## Description of the task
A word-for-word copy is needed of the line containing "Foto Bersama Kontingen" and every line after it through the end of the records below, leaving out all pictures.

## Data records

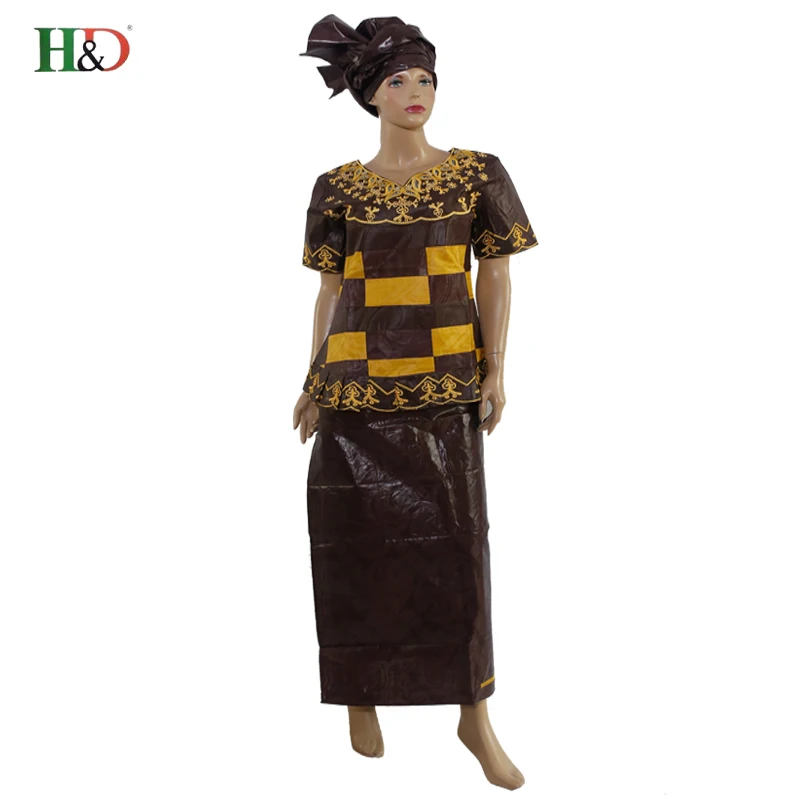H&D robe pour les africaine femme Bazin riche traditional african dresses for women100% cotton
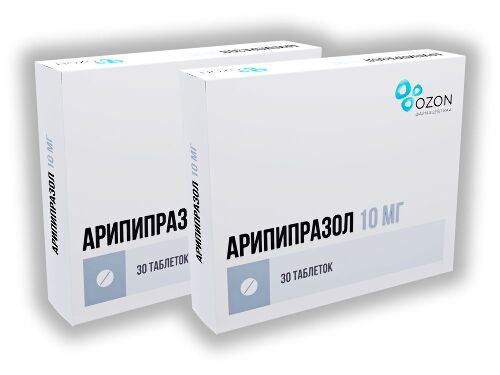 Купить Арипипразол 10 мг 30 шт. блистер таблетки в Москве Арипипразол 10 мг 30 шт. блистер таблетки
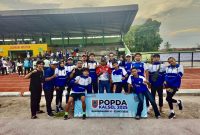 Foto Bersama Kontingen Popda Kabupaten Tanah Bumbu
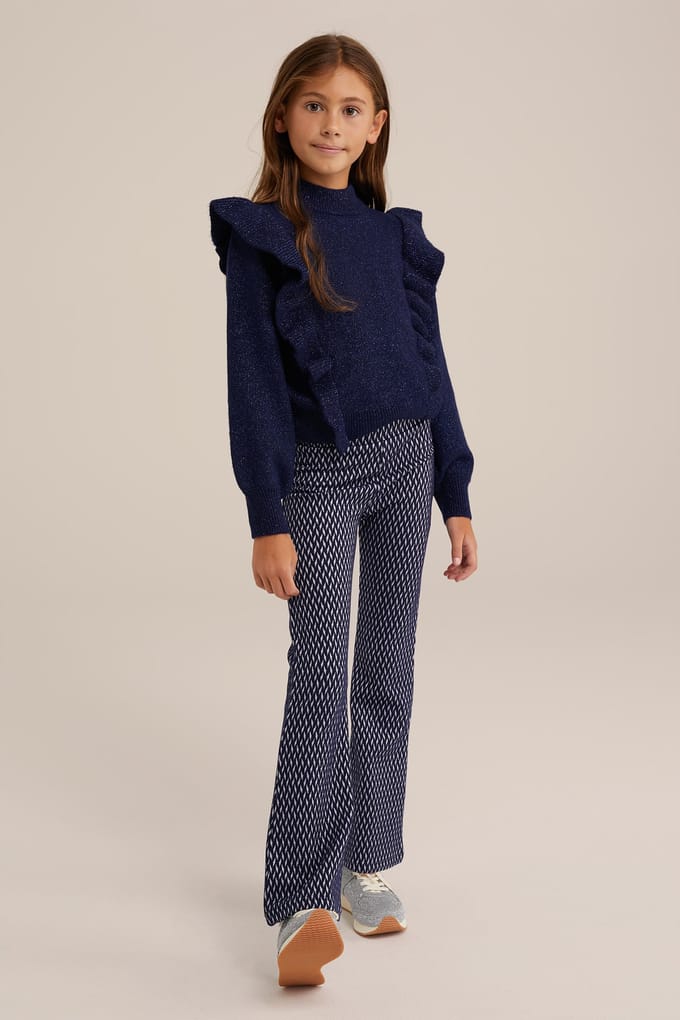 WE Fashion Knitted Pullover Dark Blue Taglia: 146/152 | Maglioni Outlet | Unisex | Blu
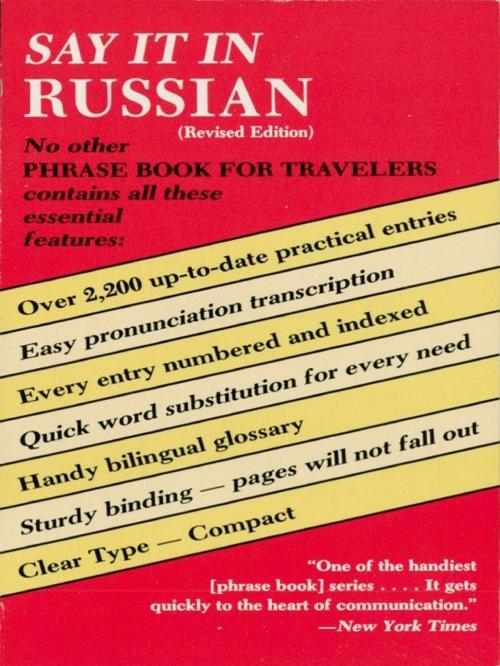 Cover of the book Say It in Russian (Revised) by Dover, Dover Publications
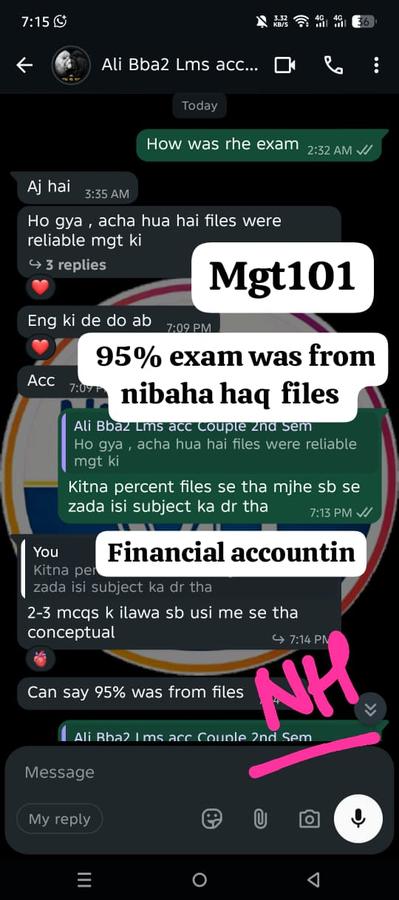 MGT101 Financial Accounting 95% from files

## Output
 Foto Bersama Kontingen Popda Kabupaten Tanah Bumbu
 WE Fashion Knitted Pullover Dark Blue Taglia: 146/152 | Maglioni Outlet | Unisex | Blu
 Cover of the book Say It in Russian (Revised) by Dover, Dover Publications
 MGT101 Financial Accounting 95% from files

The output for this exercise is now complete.